Drug Court keeps abusers out of jail and prison
By KURT HAUGLIE
For The Daily News
HOUGHTON – For Houghton County 97th District Court Judge Mark Wisti, locking up people with substance abuse problems who end up in the criminal justice system is not only a waste of time, it’s ineffective as prevention.
Wisti said the idea of a drug court is to deal with defendants who come into the court system with substance abuse problems as having a health issue rather than a criminal issue.
Houghton County began its drug court system in district court in October, Wisti said. However, as early as July, he was dealing with some defendants as though they were going through a drug court.
According to the website of the National Association of Drug Court Professionals, the first drug court was implemented in 1989 in Miami-Dade County, Fla. Those working in the justice system there decided since the same people were ending up in criminal court because of substance abuse offenses, a different system based on treatment and recovery, rather than incarceration, was needed. There are now almost 3,000 drug courts in the United States and its territories.
“It’s primarily a reaction to the War on Drugs,” Wisti said.
The War on Drugs began under President Ronald Reagan, and targeted not only drug traffickers and dealers, but also users, imposing harsh jail and prison sentences on all.
At the start of the War on Drugs there were about 300,000 people incarcerated for drug offenses in the United States, Wisti said. Now, that number has grown to about 2.2 million, with about 1.5 million being people with substance abuse problems.
“The social cost of this is enormous,” he said. “You’ve stuck the problem of addiction on the criminal justice system.”
In order to appear in drug court locally, Wisti, who presides over the court in the district court room in the Houghton County building, said the defendant’s crime must be related to addiction. The person has to be evaluated by professionals who deal with substance abuse issues. The court is a partnership of district court, the probation department, Phoenix House substance abuse treatment facility, Dial Help, Self-Management and Recovery Training, Copper Country Mental Health, the Houghton County Sheriff’s Office, the county prosecutors and defense attorneys.

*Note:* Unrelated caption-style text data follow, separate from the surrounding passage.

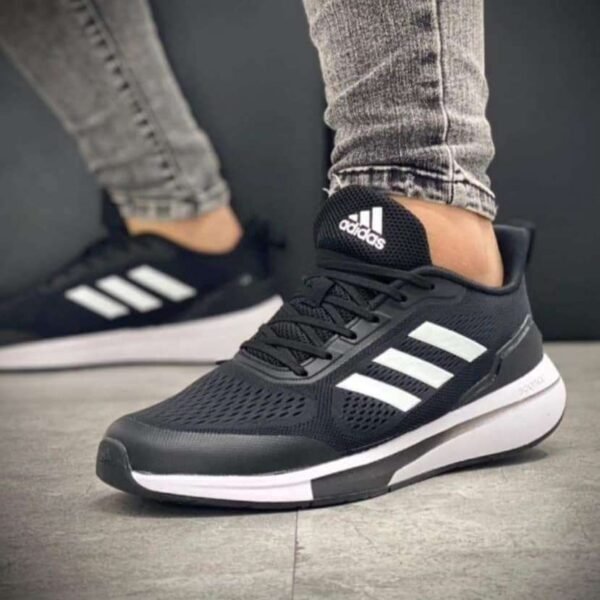 Adidas EQ21 Run Cloud White Core Black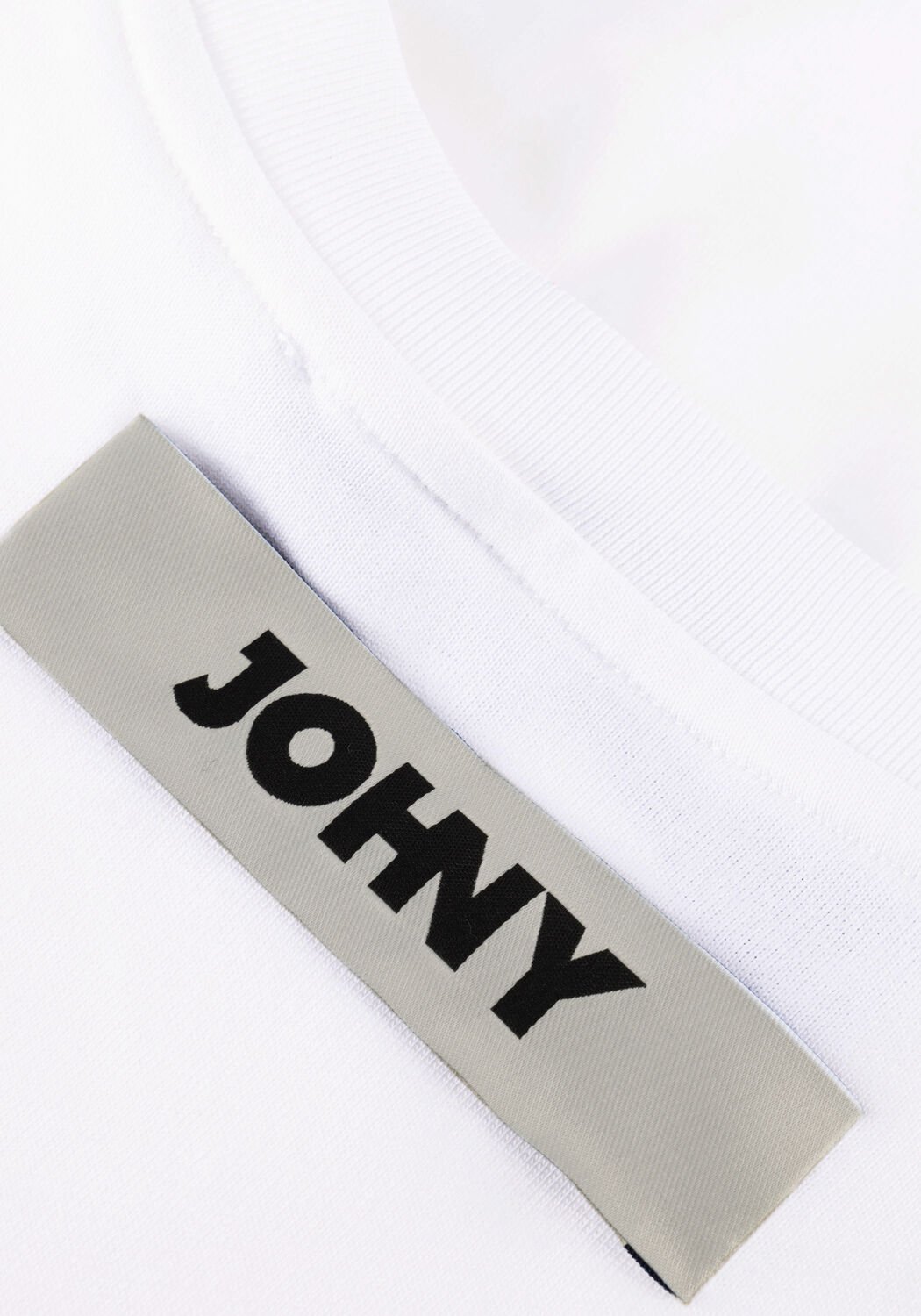 Witte JOHNY Top PAULA LONGSLEEVE - large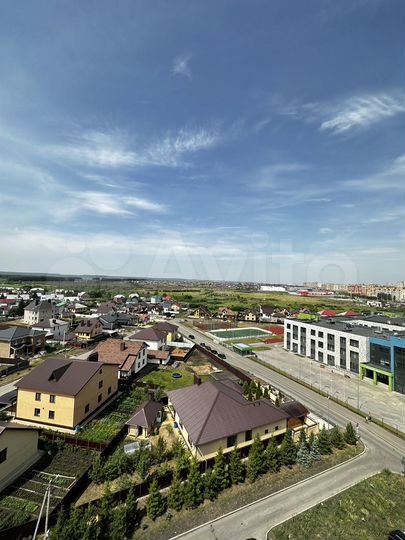 Квартира-студия, 60 м², 9/9 эт.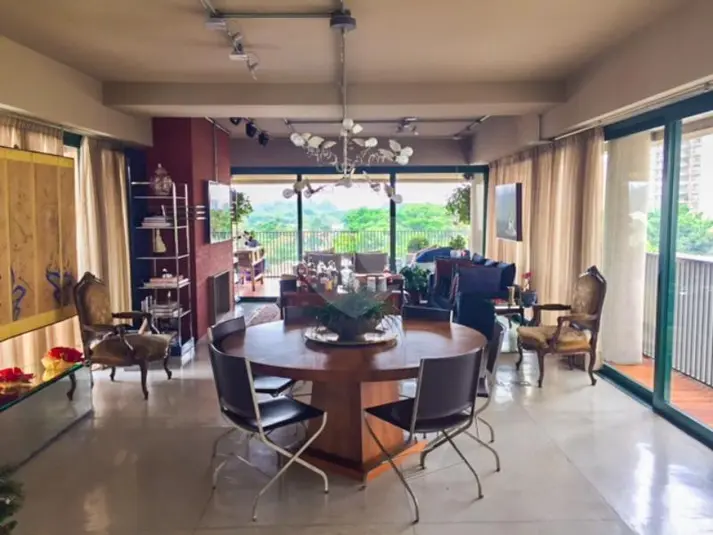 Apartamento com 2 quartos à venda em Vila Nova Conceição – SP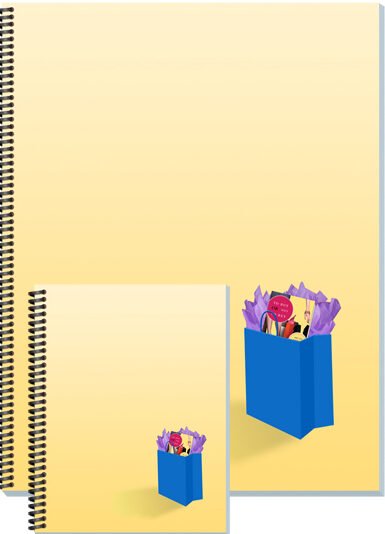 Picture Overshopping Journals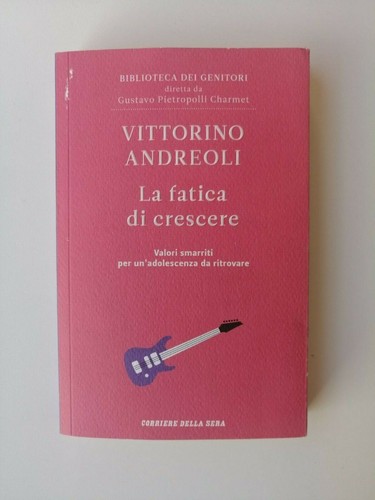 Vittorino andreoli la fatica - andreoli,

“We meet every two weeks,” he said.
Baraga, Gogebic, Houghton and Ontonagon counties are Region 1 of four regions in the state, and it’s the only one operating so far, Wisti said.
“The state of Michigan is going to require every county to have one,” he said.
The drug court deals with abusers of all drugs, Wisti said, including alcohol.
“The state is more interested in us working with drunk drivers,” he said. “The main reason is they kill more people.”
Wisti said the drug court is non-confrontational and is intended to help people who are involved with the criminal justice system because of substance abuse.
“This is intended for hardcore people,” he said. “Almost everyone of them has been through drug treatment plans.”
Those who go through drug court must go through five phases of drug and alcohol testing and other requirements, including meeting regularly with probation officers and case managers, Wisti said. In order to move on to a subsequent phase, the person must be sober for 90 days. The entire program last 15 months, and those taking part in the program are closely monitored.
“This is not easier than going to jail,” he said. “They’re constantly tested. It’s not hugs for thugs.”
Despite that, Wisti said some defendants actually ask for drug court.
Although the intention of drug court is to help people get over their addictions and keep them out of the criminal justice system, Wisti said there are graduated sanctions for violators, including jail time and community service.
There are currently 16 people going through the local drug court system, Wisti said, and there have been four sanctions.
Since October, Wisti said the local drug court has saved 500 jail days, which is a significant money savings.
The local drug court is funded by a federal grant administered by the state, Wisti said. Early on, the local court needed an extra $7,000 for administration costs, which the Houghton County Board of Commissioners voted unanimously to provide.
Wisti said drug courts generally are successful in keeping offenders from coming back into the criminal justice system.
“This dramatically cuts down on recidivism,” he said. “It halves it at least.”
He’s been very pleased early on with the value of the local drug court, Wisti said.
“It appears to be going so well, it’s hard to believe,” he said.
Wisti said the war on drugs has been a huge waste of money and resources regarding substance abusers, and he hopes the drug court concept will help change that way of thinking in the country.
“Future generations are going to look at the war on drugs the way we look at the Salem witch trials,” he said.